§ HOW TO COMPLETE THIS TASK:
Below is a listing; retype exactly the lines between the one containing "Moroccan berber man" and the one containing "Close-up of black", inclusive, minus the pictures.

§ EXCERPTED RECORDS:
________________

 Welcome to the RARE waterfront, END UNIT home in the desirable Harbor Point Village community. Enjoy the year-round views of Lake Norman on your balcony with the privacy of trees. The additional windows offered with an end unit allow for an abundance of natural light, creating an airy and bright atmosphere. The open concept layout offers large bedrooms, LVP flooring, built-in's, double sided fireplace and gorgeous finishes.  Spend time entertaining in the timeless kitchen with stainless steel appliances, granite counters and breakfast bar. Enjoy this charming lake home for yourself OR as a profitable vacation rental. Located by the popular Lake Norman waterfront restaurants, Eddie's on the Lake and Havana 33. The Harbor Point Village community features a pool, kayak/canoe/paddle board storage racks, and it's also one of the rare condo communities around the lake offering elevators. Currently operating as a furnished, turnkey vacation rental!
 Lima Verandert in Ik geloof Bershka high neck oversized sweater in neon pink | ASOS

________________

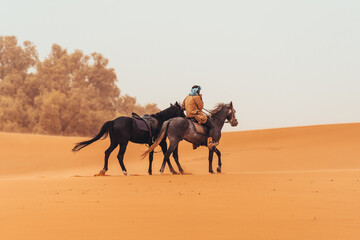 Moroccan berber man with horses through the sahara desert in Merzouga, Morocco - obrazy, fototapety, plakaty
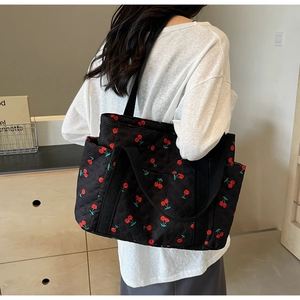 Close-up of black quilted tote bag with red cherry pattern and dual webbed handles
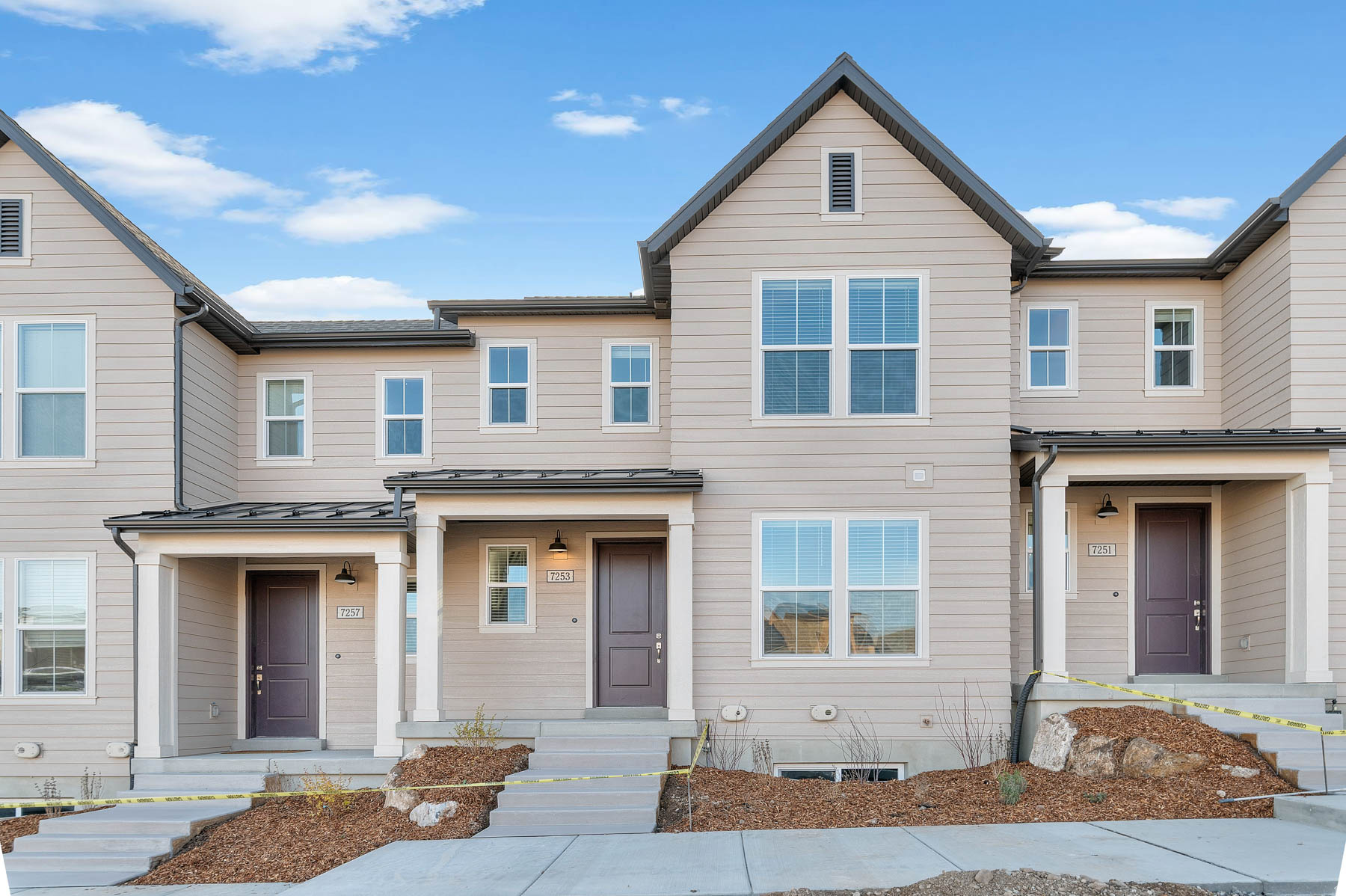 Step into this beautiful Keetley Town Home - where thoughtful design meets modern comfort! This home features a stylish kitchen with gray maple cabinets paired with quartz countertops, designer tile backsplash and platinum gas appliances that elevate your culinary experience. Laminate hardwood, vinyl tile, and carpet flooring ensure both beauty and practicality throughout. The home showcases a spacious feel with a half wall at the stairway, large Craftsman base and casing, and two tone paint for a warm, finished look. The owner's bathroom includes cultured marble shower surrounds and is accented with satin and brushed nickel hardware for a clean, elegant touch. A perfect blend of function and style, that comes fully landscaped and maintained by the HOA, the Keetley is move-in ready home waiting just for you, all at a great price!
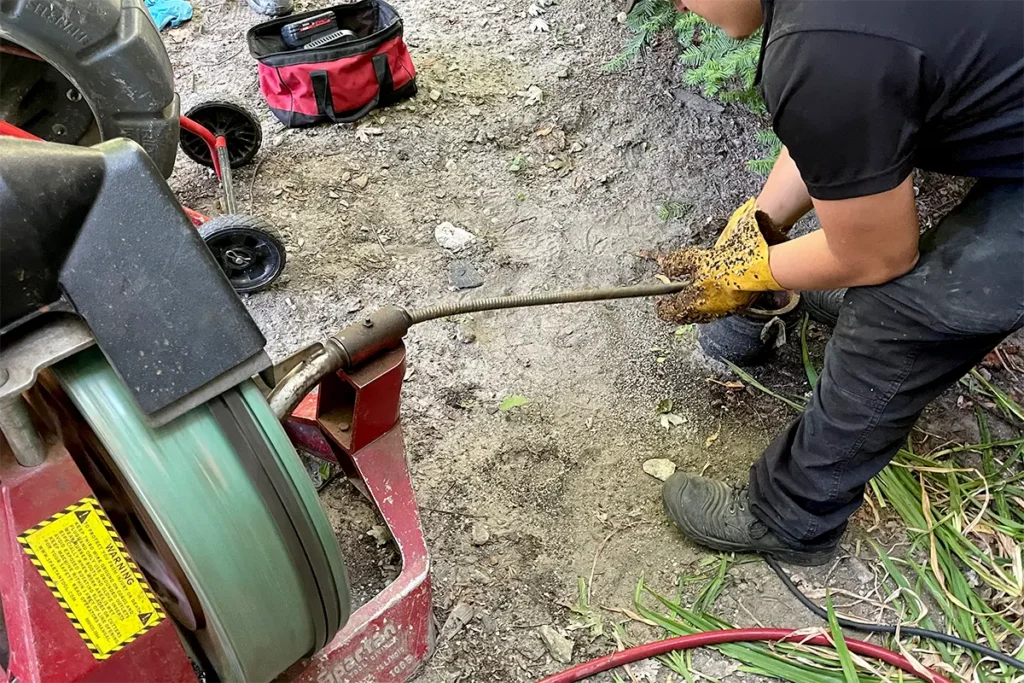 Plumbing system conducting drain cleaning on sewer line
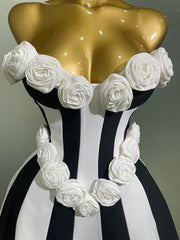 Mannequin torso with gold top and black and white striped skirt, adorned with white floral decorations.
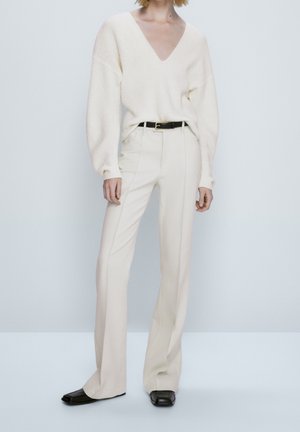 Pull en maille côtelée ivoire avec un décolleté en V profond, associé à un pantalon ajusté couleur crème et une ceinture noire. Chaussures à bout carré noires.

________________

§ EXERCISE ANSWER:
 Moroccan berber man with horses through the sahara desert in Merzouga, Morocco - obrazy, fototapety, plakaty
 Close-up of black quilted tote bag with red cherry pattern and dual webbed handles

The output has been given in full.